Great Lakes and Central
Five states in this region land on this week’s top 10 list of states with the largest changes: Ohio (+10 cents), Michigan (+5 cents), South Dakota (-3 cent), Kansas (-3 cents) and Missouri (-3 cents). Among the Great Lakes and Central states, gas price averages are as expensive as $2.94 in Michigan, to as cheap as $2.57 in Missouri.
Michigan (-9 cents), South Dakota (-7 cents) and Kentucky (-7 cents) lead the Great Lakes and Central states with the largest decrease in month-over-month prices and rank among the top five states in the country. Ohio (+3 cents) is the only state in the region to be paying more compared to the end of July.
The region had the largest build in gasoline inventory of any in the country adding 1.3 million bbl, according to the EIA. At 53.4 million bbl, inventories are at one of the highest levels of the year for the Great Lakes and Central region.
South and Southeast
With the exception of Oklahoma (+2 cents) and Texas (+1 cent), all South and Southwest states’ gas price averages are cheaper on the week. Florida (-4 cents) and Georgia (-3 cents) saw the biggest drops in the region and both states land on the top 10 list of states with the largest weekly changes.
Gas prices in the region are dropping as demand slips and inventory levels continue to build for three straight weeks. With the addition of half a million bbl, total South and Southeast gasoline inventories sit at 81.5 million bbl – a level not seen since early July. However, the coming weeks could bring major year-over-year surpluses in inventories when compared to last August’s major hurricane activity that shut down regional refineries and pipelines.
Mid-Atlantic and Northeast
Gas price averages are relatively flat across the Mid-Atlantic and Northeast states. Prices dropped as much as two cents on the week, but only in Tennessee. The majority of states report gas price averages only a penny cheaper since last Monday, except in Vermont ($2.91) and Rhode Island ($2.89) which held steady.
While the national year-over-year difference in gas price averages is nearly 50-cents higher, a handful of Mid-Atlantic and Northeast states are paying more than this average. Motorists in Connecticut (+56 cents), Massachusetts (+54 cents), Delaware (+54 cents), Rhode Island (+53 cents), Vermont (+-52 cents) and New York (+51 cents) are seeing the largest yearly differences in the region.
Similar to pump prices, gasoline inventories in the region remain relatively flat. EIA reports total inventories drew 57,000 bbl. Levels hold steady at one of the lowest points for this summer at 63.2 million bbl.
Unlike the majority of the country, gas prices continue to increase for many states in the Rockies. Since the beginning of August, Idaho (+14 cents) and Utah (+12 cents) have seen large jumps in pump prices.
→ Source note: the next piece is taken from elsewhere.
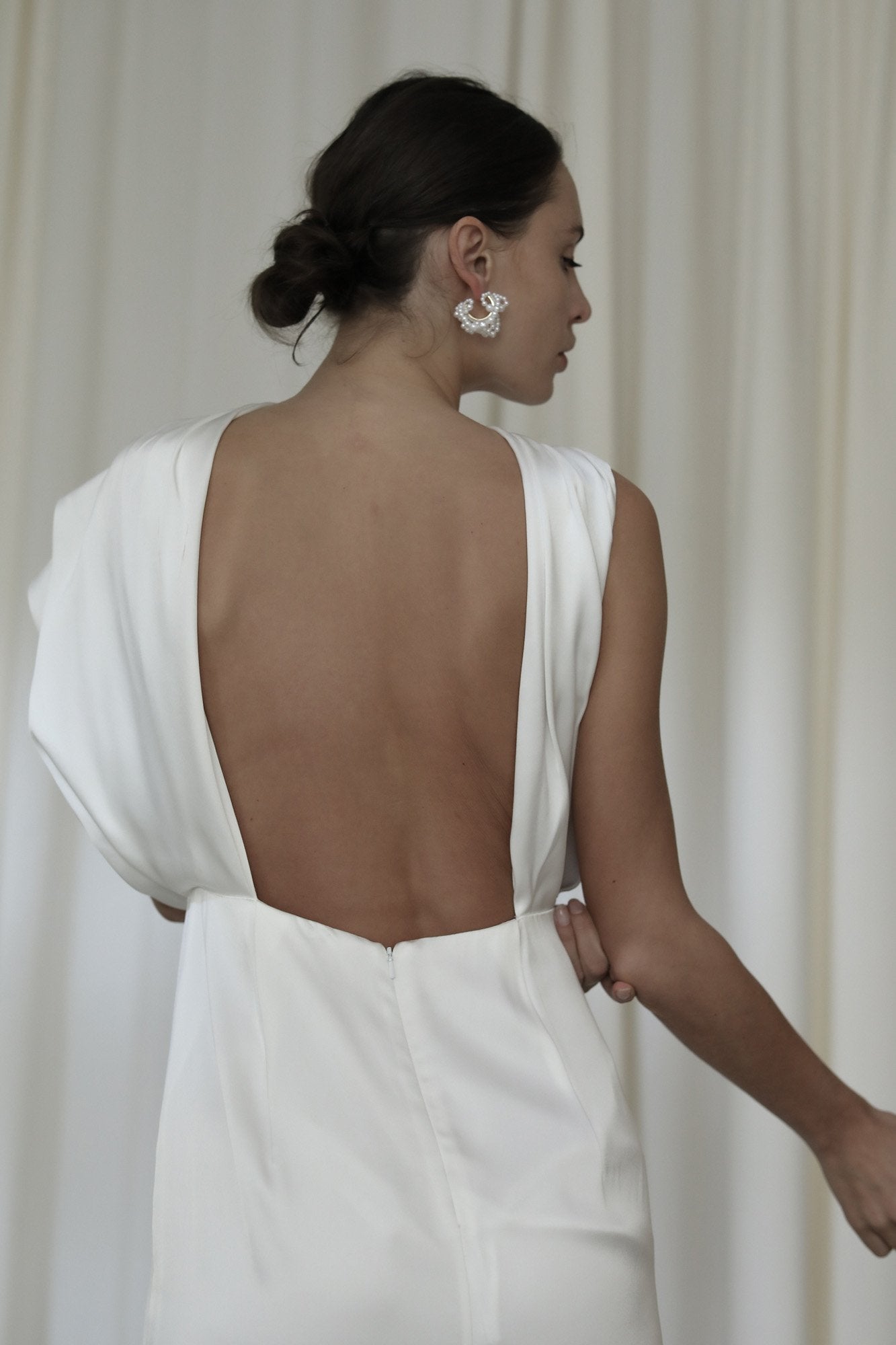 drew-pearl-hoop-earrings-abellie-bridal-earrings_44.jpg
Part of the increase can be attributed to local refinery maintenance combined with high tourism season in the region this time of year.
On the week, all states but Montana ($2.94) are paying more at the pump: Wyoming (+4 cents), Colorado (+3 cent), Utah (+3 cents) and Idaho (+2 cents).
Gasoline inventories continue to decrease with the latest EIA data reporting a total of 6.1 million bbl. That is the lowest level on record for the Rockies region since August 2014.
Oil market dynamics
At the close of Friday’s formal trading session on the NYMEX, WTI increased 89 cents to settle at $68.72. A weak dollar contributed to last week’s price gain. Moreover, following the release of EIA’s weekly report that showed total domestic crude inventories fell by 5.8 million bbl during the previous week, crude prices increased. If this week brings a continued decline in crude stocks, crude prices could surpass $70 per barrel.
In related news, according to Baker Hughes, Inc., the U.S. lost nine oil rigs last week, bringing the total to 860. Currently, there are 101 more active rigs than last year at this time.